* INFORMATION *
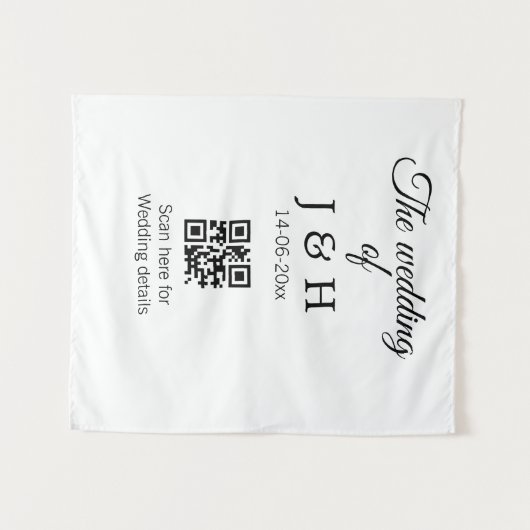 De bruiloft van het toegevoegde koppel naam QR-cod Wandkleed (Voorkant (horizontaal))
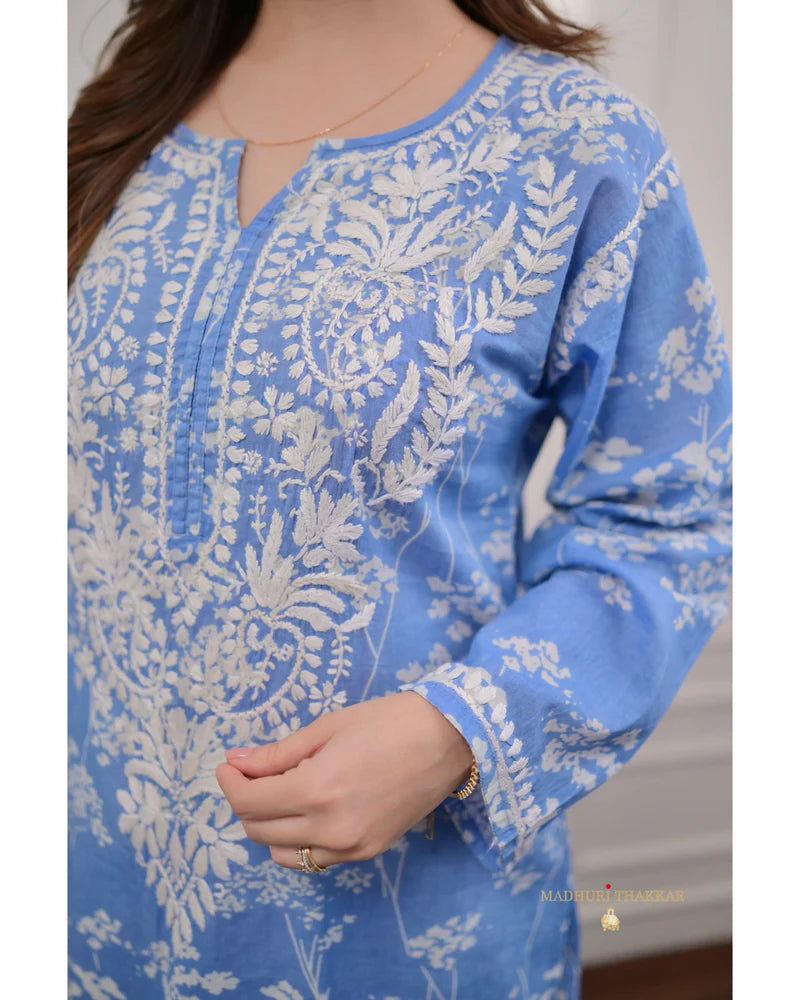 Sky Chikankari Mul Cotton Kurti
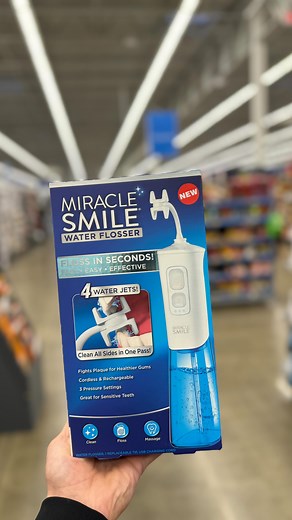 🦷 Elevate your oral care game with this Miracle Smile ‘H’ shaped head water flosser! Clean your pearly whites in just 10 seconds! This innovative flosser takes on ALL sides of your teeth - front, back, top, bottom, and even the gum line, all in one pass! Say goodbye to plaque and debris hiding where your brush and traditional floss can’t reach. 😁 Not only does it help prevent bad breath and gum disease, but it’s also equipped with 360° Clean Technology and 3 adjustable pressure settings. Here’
--
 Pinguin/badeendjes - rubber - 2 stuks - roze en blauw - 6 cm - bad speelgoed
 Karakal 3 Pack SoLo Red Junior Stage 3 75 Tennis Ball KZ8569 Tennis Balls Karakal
==
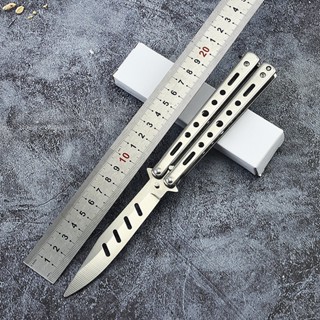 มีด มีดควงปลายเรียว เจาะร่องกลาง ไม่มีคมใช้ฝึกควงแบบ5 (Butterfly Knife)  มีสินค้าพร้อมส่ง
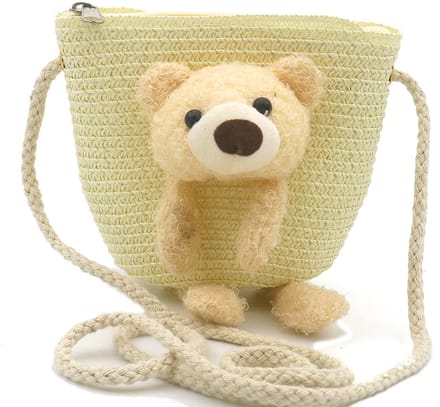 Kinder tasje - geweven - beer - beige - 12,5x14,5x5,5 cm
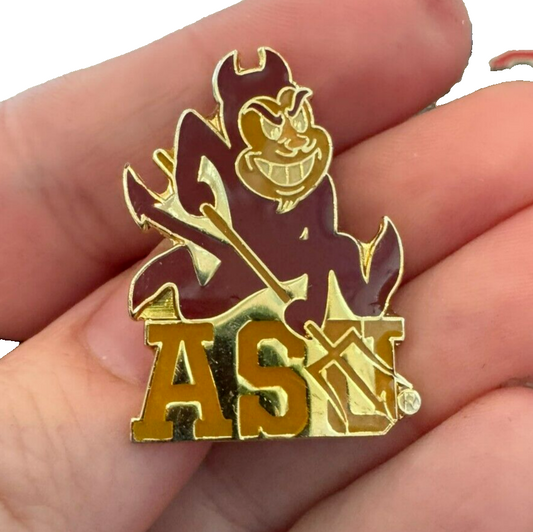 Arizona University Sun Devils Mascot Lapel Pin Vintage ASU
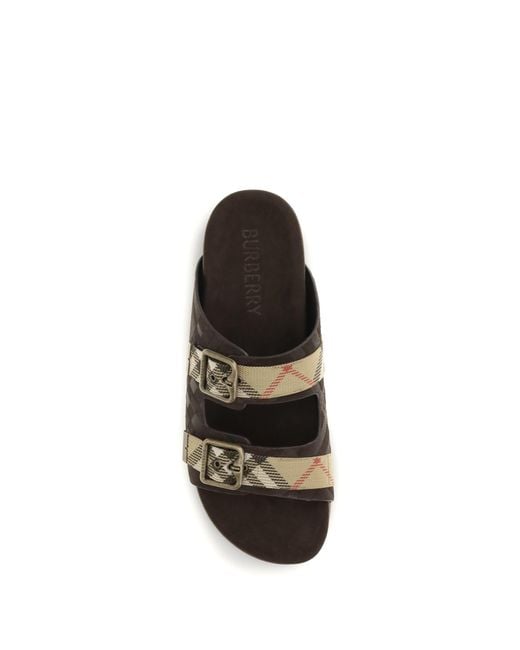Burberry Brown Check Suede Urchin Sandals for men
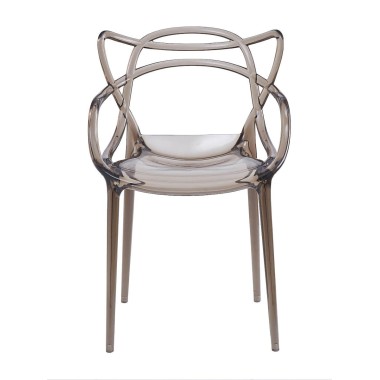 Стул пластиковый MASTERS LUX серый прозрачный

* REQUIREMENT *
From the line holding "Arizona University Sun" to the line holding "Стул пластиковый MASTERS", both included, retype the entries above exactly and drop the pictures.

* WRITTEN ANSWER *
 Arizona University Sun Devils Mascot Lapel Pin Vintage ASU
Burberry Brown Check Suede Urchin Sandals for men
 Стул пластиковый MASTERS LUX серый прозрачный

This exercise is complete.